Death notes for broken links in your documentation files
lawliet is a tool for searching broken links in your documentation files.
When working in large projects where your only option for organizing your own SDK documentation is to keep a bunch of .md files inside a Git repo, mantaining all the links inside every document becomes a real nightmare.
This tool will:
- Search recursively for plain text files with the extenion you choose (.md, .html, .txt, etc.)
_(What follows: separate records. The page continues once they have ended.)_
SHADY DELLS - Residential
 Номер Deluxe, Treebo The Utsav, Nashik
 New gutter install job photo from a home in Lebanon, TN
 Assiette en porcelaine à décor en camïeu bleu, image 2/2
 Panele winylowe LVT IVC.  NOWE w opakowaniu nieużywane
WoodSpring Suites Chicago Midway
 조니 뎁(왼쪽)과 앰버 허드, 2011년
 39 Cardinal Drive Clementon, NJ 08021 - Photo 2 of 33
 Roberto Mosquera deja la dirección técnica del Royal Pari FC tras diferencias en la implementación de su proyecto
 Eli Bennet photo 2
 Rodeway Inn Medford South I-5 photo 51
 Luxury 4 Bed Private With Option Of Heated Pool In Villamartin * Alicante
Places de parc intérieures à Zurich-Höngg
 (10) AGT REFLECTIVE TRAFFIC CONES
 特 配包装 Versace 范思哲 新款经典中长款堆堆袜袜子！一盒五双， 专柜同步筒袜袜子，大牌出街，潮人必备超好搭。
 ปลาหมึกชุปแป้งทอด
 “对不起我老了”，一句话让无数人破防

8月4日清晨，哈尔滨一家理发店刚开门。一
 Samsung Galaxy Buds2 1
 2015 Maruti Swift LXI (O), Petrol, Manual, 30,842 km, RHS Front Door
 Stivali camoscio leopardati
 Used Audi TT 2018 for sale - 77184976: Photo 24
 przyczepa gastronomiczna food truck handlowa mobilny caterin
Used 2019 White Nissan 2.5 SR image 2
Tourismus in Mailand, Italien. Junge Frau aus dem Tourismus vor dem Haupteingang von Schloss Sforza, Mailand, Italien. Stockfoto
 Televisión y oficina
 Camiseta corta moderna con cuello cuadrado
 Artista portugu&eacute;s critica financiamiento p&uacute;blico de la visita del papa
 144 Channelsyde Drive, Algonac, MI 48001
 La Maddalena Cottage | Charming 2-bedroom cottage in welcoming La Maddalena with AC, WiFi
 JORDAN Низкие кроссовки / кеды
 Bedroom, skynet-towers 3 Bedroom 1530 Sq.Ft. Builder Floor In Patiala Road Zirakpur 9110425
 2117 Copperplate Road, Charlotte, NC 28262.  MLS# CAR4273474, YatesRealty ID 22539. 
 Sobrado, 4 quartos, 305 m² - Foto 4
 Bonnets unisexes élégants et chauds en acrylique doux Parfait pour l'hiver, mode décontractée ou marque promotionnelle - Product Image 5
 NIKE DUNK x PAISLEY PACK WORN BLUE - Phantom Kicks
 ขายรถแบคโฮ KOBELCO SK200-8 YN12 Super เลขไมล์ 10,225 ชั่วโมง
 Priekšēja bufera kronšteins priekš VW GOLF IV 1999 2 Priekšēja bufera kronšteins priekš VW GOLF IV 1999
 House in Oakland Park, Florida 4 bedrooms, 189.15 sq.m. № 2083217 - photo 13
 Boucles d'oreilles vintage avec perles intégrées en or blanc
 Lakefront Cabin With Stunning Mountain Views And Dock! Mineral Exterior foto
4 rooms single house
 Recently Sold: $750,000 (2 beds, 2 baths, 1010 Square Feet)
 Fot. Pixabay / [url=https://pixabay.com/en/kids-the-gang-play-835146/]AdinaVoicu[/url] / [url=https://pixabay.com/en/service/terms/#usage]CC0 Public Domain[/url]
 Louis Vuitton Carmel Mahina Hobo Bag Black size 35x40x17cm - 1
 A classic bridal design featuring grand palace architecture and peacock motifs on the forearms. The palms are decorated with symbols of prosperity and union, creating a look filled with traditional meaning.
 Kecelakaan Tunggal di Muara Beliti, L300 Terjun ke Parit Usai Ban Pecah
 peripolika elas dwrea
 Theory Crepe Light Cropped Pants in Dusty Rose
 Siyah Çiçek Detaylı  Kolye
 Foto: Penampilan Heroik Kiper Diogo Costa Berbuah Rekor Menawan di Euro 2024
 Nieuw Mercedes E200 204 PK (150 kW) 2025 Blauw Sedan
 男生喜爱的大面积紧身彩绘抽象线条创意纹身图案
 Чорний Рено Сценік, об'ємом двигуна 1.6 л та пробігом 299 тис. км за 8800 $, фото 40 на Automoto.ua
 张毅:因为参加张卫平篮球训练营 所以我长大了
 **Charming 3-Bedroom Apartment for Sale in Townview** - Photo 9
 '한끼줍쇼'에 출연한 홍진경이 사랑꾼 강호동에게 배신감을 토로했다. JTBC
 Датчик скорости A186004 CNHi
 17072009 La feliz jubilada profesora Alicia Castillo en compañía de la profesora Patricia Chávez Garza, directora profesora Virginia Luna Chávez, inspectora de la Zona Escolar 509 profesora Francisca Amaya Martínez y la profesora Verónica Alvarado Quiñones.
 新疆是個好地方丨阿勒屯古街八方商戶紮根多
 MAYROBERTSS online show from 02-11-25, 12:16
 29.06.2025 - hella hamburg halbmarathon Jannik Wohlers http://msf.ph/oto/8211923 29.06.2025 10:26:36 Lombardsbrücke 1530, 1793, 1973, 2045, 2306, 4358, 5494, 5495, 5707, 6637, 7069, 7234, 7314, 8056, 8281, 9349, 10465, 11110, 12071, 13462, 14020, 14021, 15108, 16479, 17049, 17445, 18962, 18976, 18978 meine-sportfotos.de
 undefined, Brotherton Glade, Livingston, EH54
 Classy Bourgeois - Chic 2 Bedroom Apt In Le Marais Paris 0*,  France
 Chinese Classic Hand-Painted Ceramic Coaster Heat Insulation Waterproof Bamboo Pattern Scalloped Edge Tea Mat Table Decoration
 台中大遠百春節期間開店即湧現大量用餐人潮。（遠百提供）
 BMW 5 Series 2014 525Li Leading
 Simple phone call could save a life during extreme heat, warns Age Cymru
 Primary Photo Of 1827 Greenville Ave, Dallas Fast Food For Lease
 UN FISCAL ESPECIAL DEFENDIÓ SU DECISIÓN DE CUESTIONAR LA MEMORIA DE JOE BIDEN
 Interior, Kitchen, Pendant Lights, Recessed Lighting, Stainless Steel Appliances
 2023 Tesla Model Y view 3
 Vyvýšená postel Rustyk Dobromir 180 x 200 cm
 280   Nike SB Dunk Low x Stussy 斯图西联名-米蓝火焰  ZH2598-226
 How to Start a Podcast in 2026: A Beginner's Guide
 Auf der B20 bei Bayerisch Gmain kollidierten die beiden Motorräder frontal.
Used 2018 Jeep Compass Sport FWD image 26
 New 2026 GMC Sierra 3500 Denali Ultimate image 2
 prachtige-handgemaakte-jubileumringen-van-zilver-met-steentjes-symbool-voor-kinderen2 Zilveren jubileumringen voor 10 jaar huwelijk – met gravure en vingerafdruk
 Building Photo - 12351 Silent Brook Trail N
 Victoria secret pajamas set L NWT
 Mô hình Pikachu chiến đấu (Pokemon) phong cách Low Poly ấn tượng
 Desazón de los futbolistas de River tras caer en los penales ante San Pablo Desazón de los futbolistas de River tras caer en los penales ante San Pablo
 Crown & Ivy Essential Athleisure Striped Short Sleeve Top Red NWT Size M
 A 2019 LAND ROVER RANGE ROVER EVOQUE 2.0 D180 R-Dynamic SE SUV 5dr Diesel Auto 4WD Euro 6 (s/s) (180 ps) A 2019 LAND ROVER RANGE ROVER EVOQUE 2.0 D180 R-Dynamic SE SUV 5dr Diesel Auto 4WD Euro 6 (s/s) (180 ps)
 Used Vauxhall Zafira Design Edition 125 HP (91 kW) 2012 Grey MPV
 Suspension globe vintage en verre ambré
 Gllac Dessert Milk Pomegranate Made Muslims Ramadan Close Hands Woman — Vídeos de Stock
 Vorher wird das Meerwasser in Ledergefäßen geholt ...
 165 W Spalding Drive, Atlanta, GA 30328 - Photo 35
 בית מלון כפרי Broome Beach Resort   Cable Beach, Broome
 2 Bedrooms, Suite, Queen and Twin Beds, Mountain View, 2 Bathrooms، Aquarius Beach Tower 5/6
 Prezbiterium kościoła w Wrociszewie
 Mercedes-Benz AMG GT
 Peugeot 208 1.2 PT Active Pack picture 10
- On those files it will look up for URL's
- For every file that has URL's inside, it will check every entry making a GET request
- Will save the results that ended with an error response code different than 200, or when the URL have preconfigured text inside its content
- It will export the results in a CSV file
You'll need Node v6.9.4 installed on your OS of choice
- Just clone this repo:
# git clone https://github.com/mguellsegarra/lawliet.git
# cd lawliet
Then, install the dependencies:
# npm install
You can customize lawliet in order to fit your needs. For that purpose, there's a config.json file:
{
"outputFilename": "death_notes.csv",
"extensionFiles": ".md",
"not_found_text": "The page you're looking for could not be found (404)",
"not_authenticated_text": "Login Mordorbank",
"hosts": [
{
"host": "mordorbank.org",
"proxy": "http://10.0.0.1:8080",
"cookies": [
"some_auth_session_token"
]
}
],
"strictSSL": false
}
- outputFilename (required) → The output file name. By default:
death_notes.csv
- extensionFiles (required) → The extension of the files to look for. By default, markdown files:
.md
- not_found_text (optional) → Sometimes there are webpages that returns a 200 code, but in fact is not so (e.g. some Gitlab not found pages, etc.).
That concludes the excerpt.